Proteases in excitotoxic death. Apoptosis is associated with the activation of a proteolytic cascade, probably involving different sets of proteases, which operate virtually at all stages of the cell death program (i.e., signaling, control, and execution) (Villa et al., 1997). Here, we found that both caspases and calpains were activated downstream to the NMDA-R-mediated [Ca²⁺]_i increase and upstream of PS translocation, nuclear condensation, and DNA fragmentation. Under appropriate conditions, cells pretreated with protease inhibitors survived MPP⁺ challenge for several days. Obviously, different sets of proteases can interact to cause neuronal death; examples include caspases and calpains (Nath et al., 1996; Jordán et al., 1997; current study), different caspases and serine proteases (Stefanis et al., 1997), and caspases plus the proteasome.

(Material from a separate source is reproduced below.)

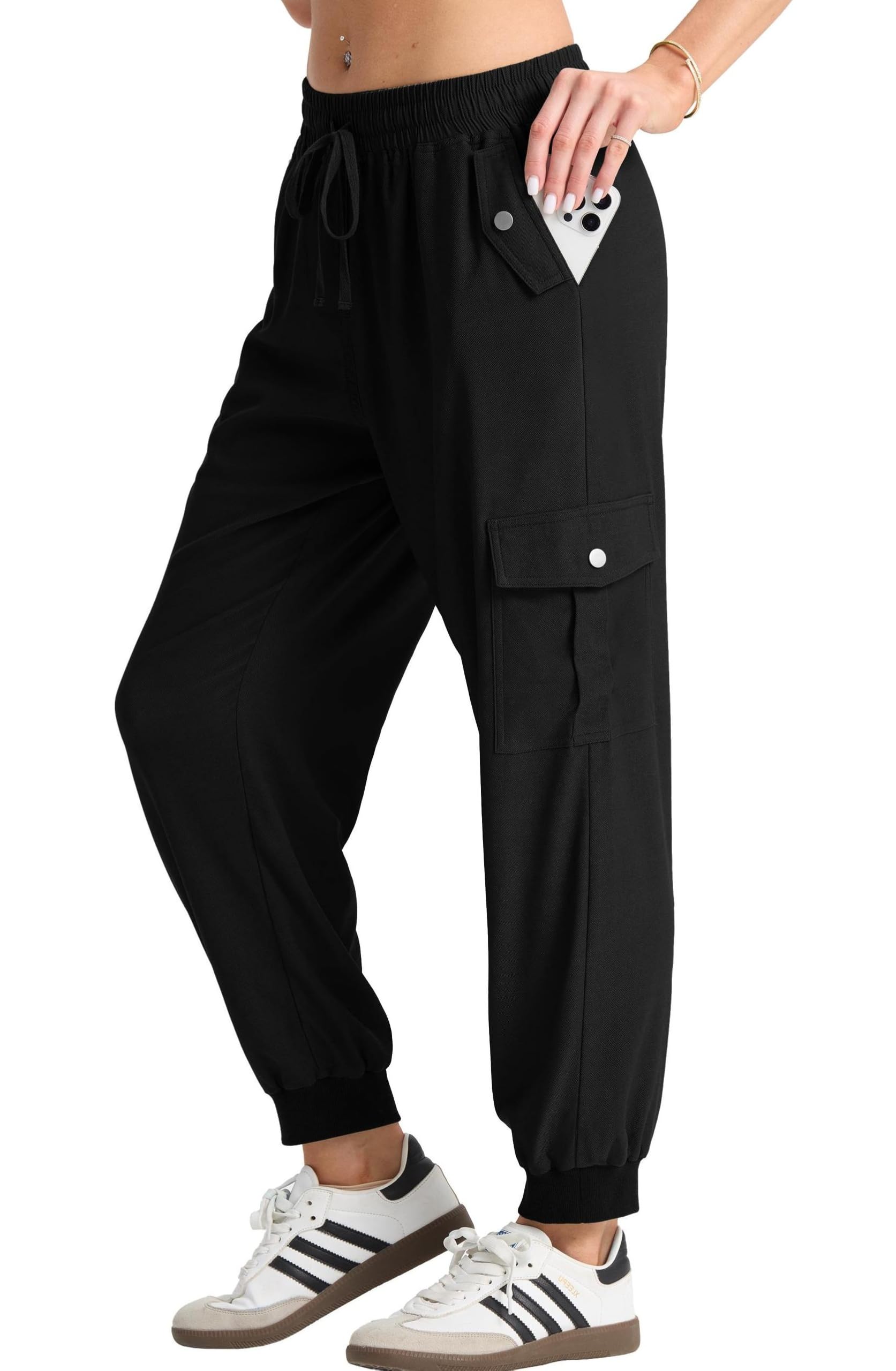 GRECERELLE Pantalon cargo d'été pour femme avec taille élastique et chevilles resserrées pour voyage, extérieur, streetwear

Excitotoxic apoptosis. Excitotoxic cell death may occur by either apoptosis or necrosis. Seemingly divergent observations are reconciled by the finding that the intensity of insult may determine the mode of cell death (e.g., Ankarcrona et al., 1995; Du et al., 1997a; Leist and Nicotera, 1998) and that excessive Ca²⁺ entry may convert the mode of cell death in some cases from apoptosis to necrosis (reviewed in Leist et al., 1997d). Intracellular ATP levels seem to be critical in determining the shape of cell death (Ankarcrona et al., 1995; Leist et al., 1997c), and ATP may be required at multiple sites. For instance, ATP/dATP is required for the activation of caspase-3, which is a central protease in many apoptosis models. Here, we show that apoptosis proceeds in the absence of procaspase-3 processing. This also may explain the lack of oligonucleosomal DNA fragmentation, which is a direct consequence of caspase-3 activation. In MPP⁺-treated neurons, other cell death proteases may be activated by mechanisms not directly requiring ATP.